**What you need to do**
Skip the pictures and write out, word for word, the lines below from the one with "Jeanne Bates fotoğrafı" through the one with "Cama hospitalar.", inclusive.

[Scraped caption text data]

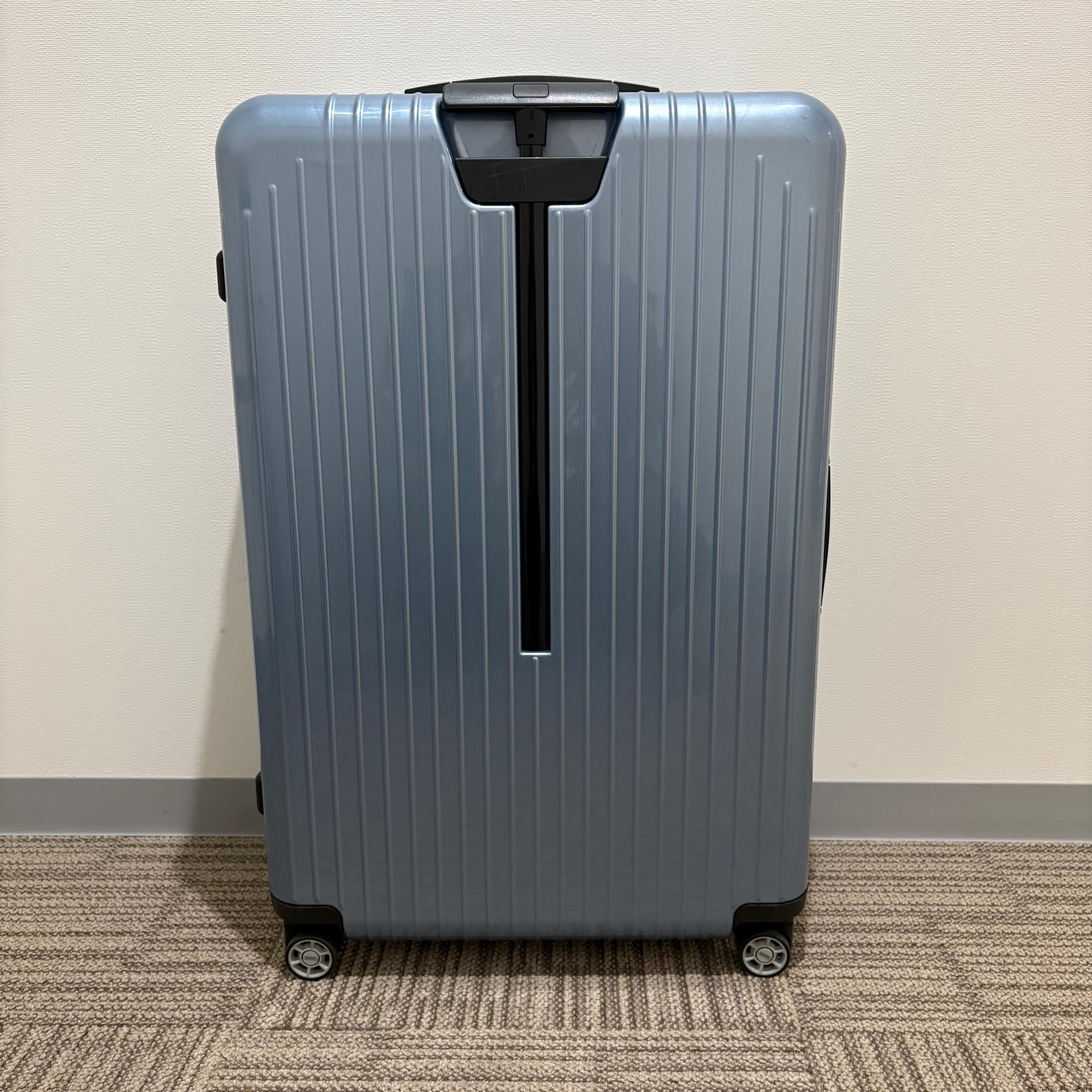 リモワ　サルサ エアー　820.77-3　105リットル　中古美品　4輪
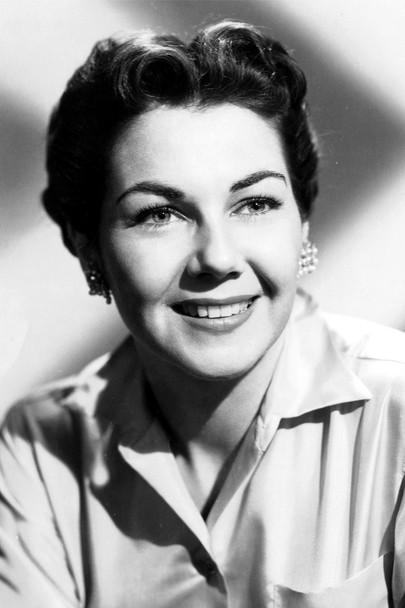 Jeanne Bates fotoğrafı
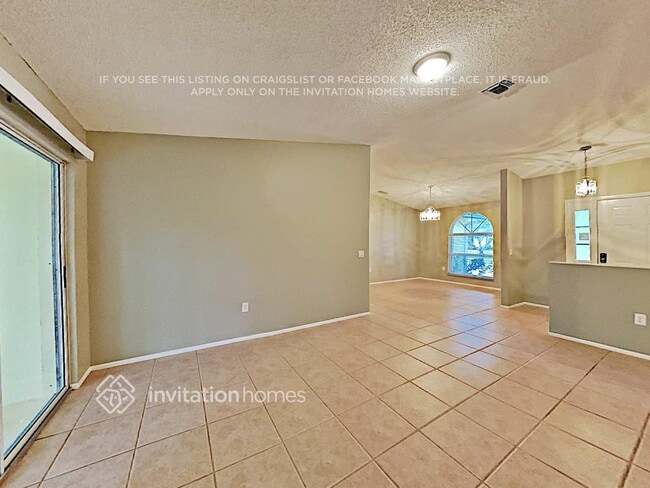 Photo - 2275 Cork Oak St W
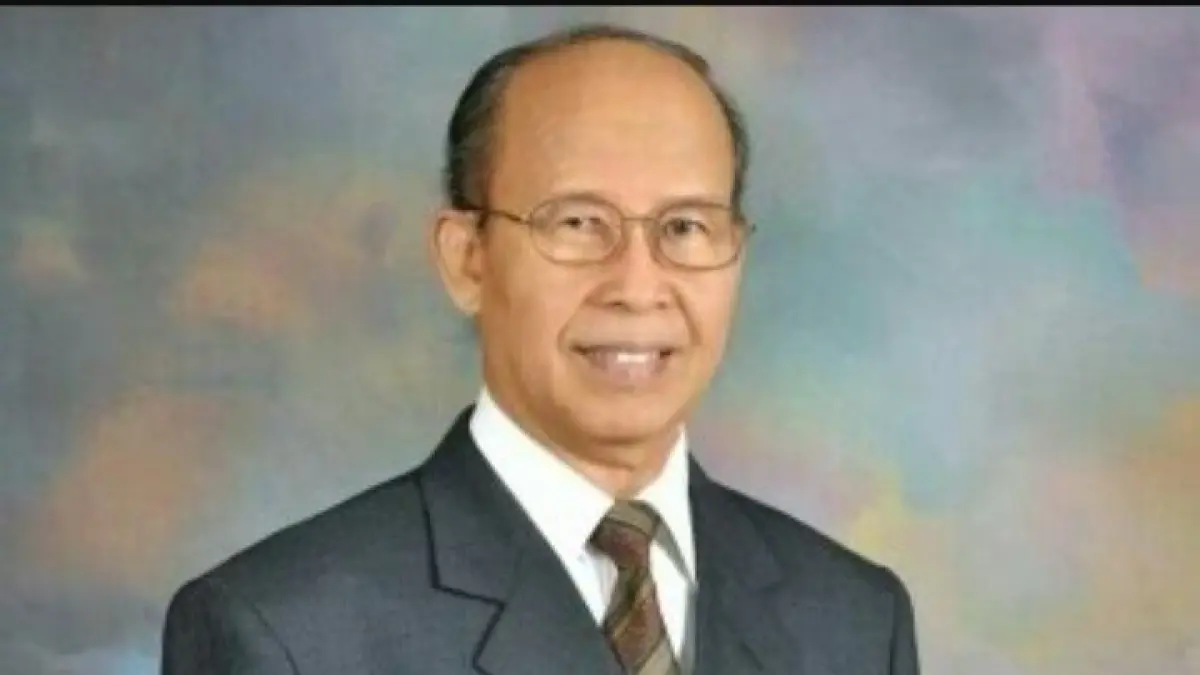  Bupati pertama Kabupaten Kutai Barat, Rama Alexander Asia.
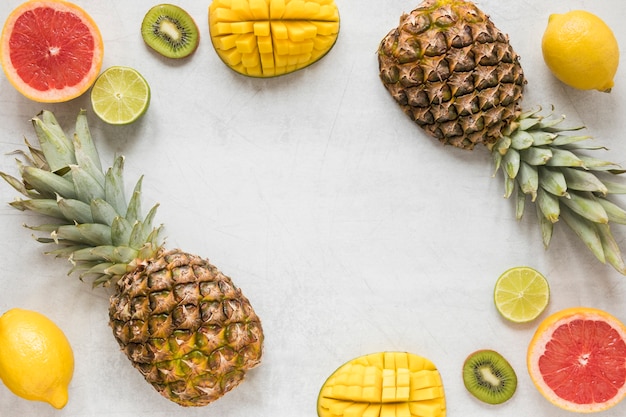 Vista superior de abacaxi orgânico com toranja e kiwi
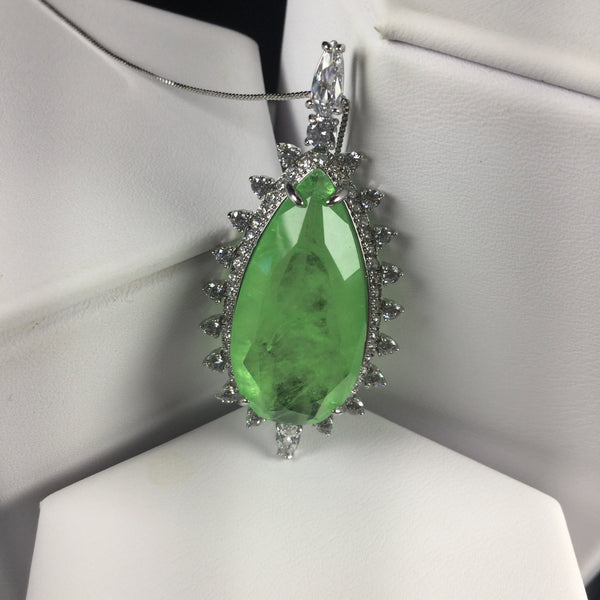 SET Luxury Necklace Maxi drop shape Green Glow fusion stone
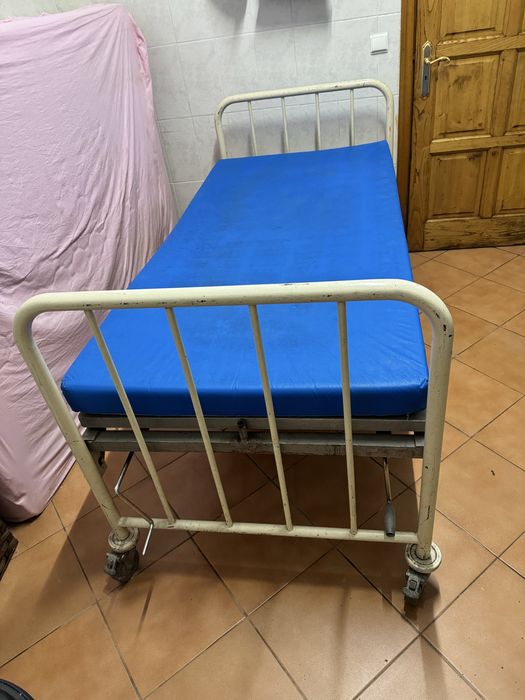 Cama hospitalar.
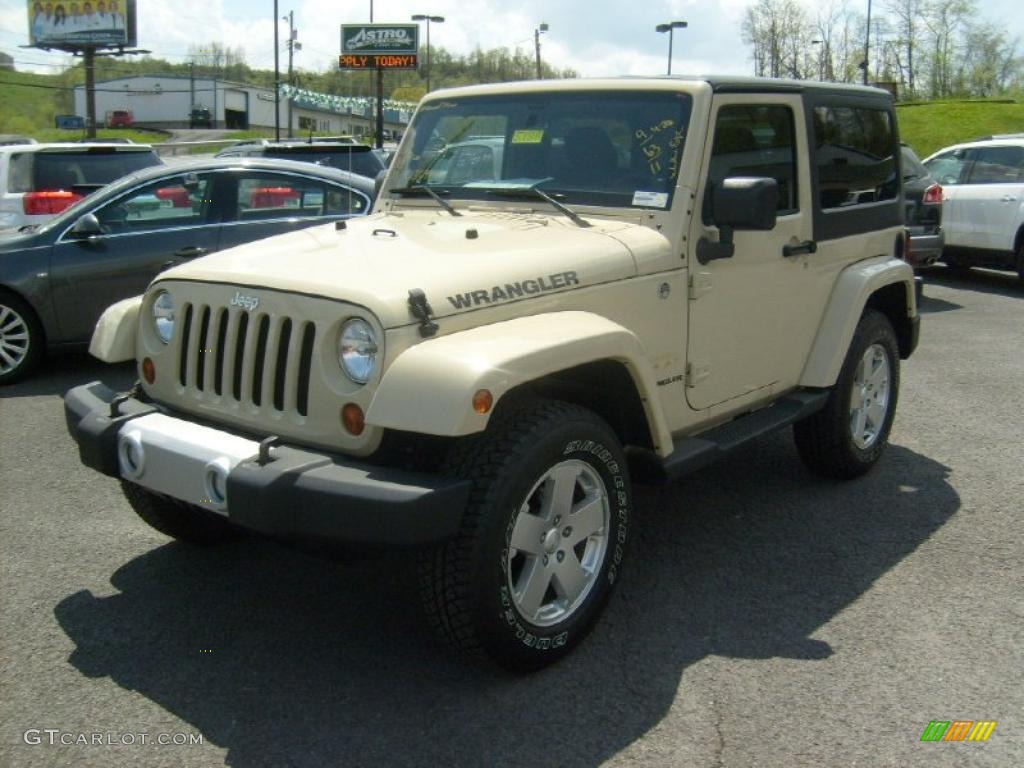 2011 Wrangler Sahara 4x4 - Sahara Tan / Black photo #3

**Result**
 Jeanne Bates fotoğrafı
 Photo - 2275 Cork Oak St W
  Bupati pertama Kabupaten Kutai Barat, Rama Alexander Asia.
 Vista superior de abacaxi orgânico com toranja e kiwi
 SET Luxury Necklace Maxi drop shape Green Glow fusion stone
 Cama hospitalar.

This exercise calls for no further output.